I am so lucky that I have time to read before I head off to work every morning. Sure, it doesn’t make Ben happy that I set the alarm clock for 6am, but those 45 minutes with a cup of coffee and a book could just qualify as my favourite part of the day. The morning reading sessions, reading on the tube and sometimes in the evening are probably the reason why I’m slowly becoming Amazon‘s best customer. The Buy Now button on my Kindle is pretty treacherous as it’s so easy to buy more books and raise the credit card bill. At the moment I’ve only two books left to read, so sooner rather than later I’ll just have to use that sneaky Buy Now.

Does anyone wonder why Kindle books are not cheaper (or not much) from the paperbacks? When I started using it, the books were £3 or so, but now, more often than not, I notice the price being £7 or even way over £10. This doesn’t mean I’ll stop reading, but I’ve learnt to place those books onto my Wish List and buy them when the price goes down (if it does). In case the price stubbornly remains the same and I want to read the book, then I’ll still buy it, but it doesn’t hurt waiting for a while.

Last week I got immersed into three fantastic books that landed on my Top 3 Books to Read Now list, but have a look at my other reviews and recommendations. There’s actually a whole section dedicated to books on my blog and I’d love to hear any recommendations you have.

The Top 3 Books to Read Now this week include a historical novel, a crime story that’s more than just that (it’s also a book about overcoming your setbacks and circumstances) and a book in which lives of two women from different ages are intertwined.

I wrote about the first book, The Throwaway Children, in another blog post, but I loved the book so much it had to be put on this list. It’s a distressing story about the lives of children in post war England and in my opinion a story of a childhood lost.

The second book that won it’s place on the Top 3 Books to Read Now list is Without a Trace by Lesley Pearce. The story begins on Coronation Day in 1953 when Molly finds her friend dead on the kitchen floor. Her friend’s small daughter goes missing at the time of her mother’s death and since the police lose interest in finding Petal, Molly decides to take matters into her own hands. The story isn’t only about Molly’s quest to find little Petal, it’s also a story about her freeing herself from the influence of her brutish father and resigned mother. Molly’s character is amazing, she’s loving and ready to help at any time, but she’s by no means powerless. Sometimes naive, but Molly faces any challenges thrown at her with a vicious strength, which is why I was so impressed with her character. There’s too many female characters that just sit and cry at the injustice of life. I loved the book and will read more by the same author in the very near future.
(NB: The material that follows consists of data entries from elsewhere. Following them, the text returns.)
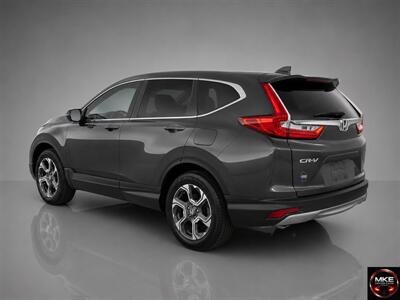 2019 Honda CR-V EX   - Photo 6 - Muskego, WI 53150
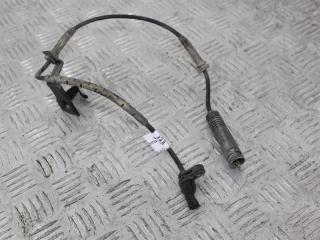 датчик ABS BMW 3 серия E90/E91/E92/E93 2007, 3.5 л., дизель, зеленый, купе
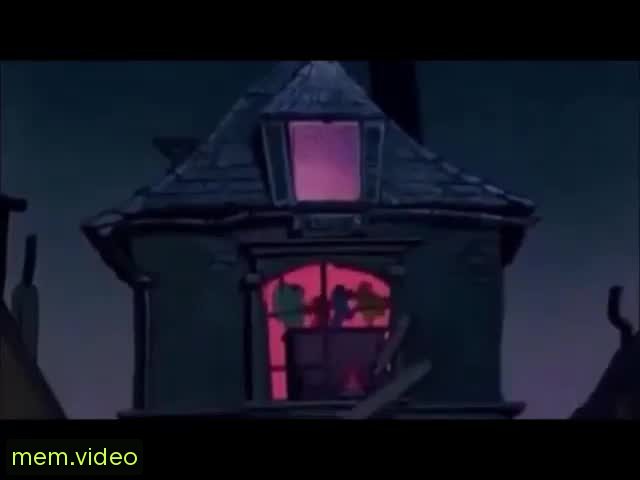 Кадр на 0:11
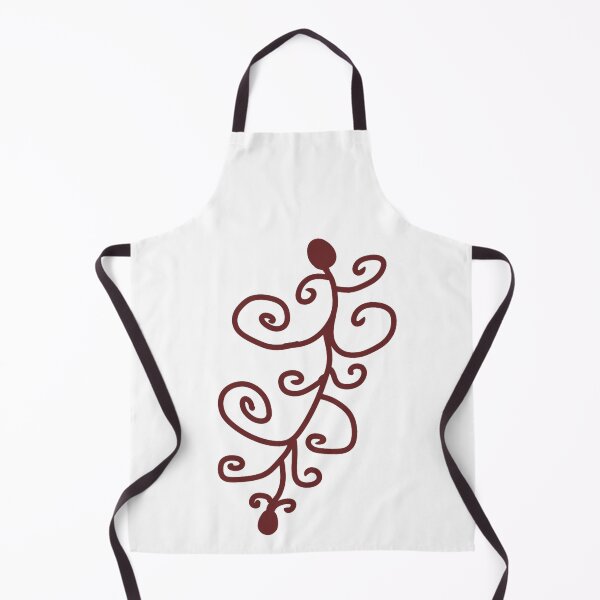 Item preview, red design  designed and sold by MarsEsmeVT.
The last book on my Top 3 Books to Read Now list is The Girl in the Photograph by Kate Riordan. This book was unputdownable, gothic and dark, but with amazing descriptions of the nature and the house that somehow contribute to the general atmosphere. Alice is sent to Fiercombe Manor in disgrace by her parents in 1933 and soon feels that the manor house has secrets it doesn’t wish to reveal. The housekeeper Mrs Jelphs sometimes talks about the past, but Alice has difficulties discovering more about Elizabeth in 1890. When Alice discovers Elizabeth’s diary it makes her feel as if they have a lot in common despite living in different periods. What struck me the most was the helplessness of women in the 19th century as it feels like they didn’t have any power, not even power to decide what’s best for themselves.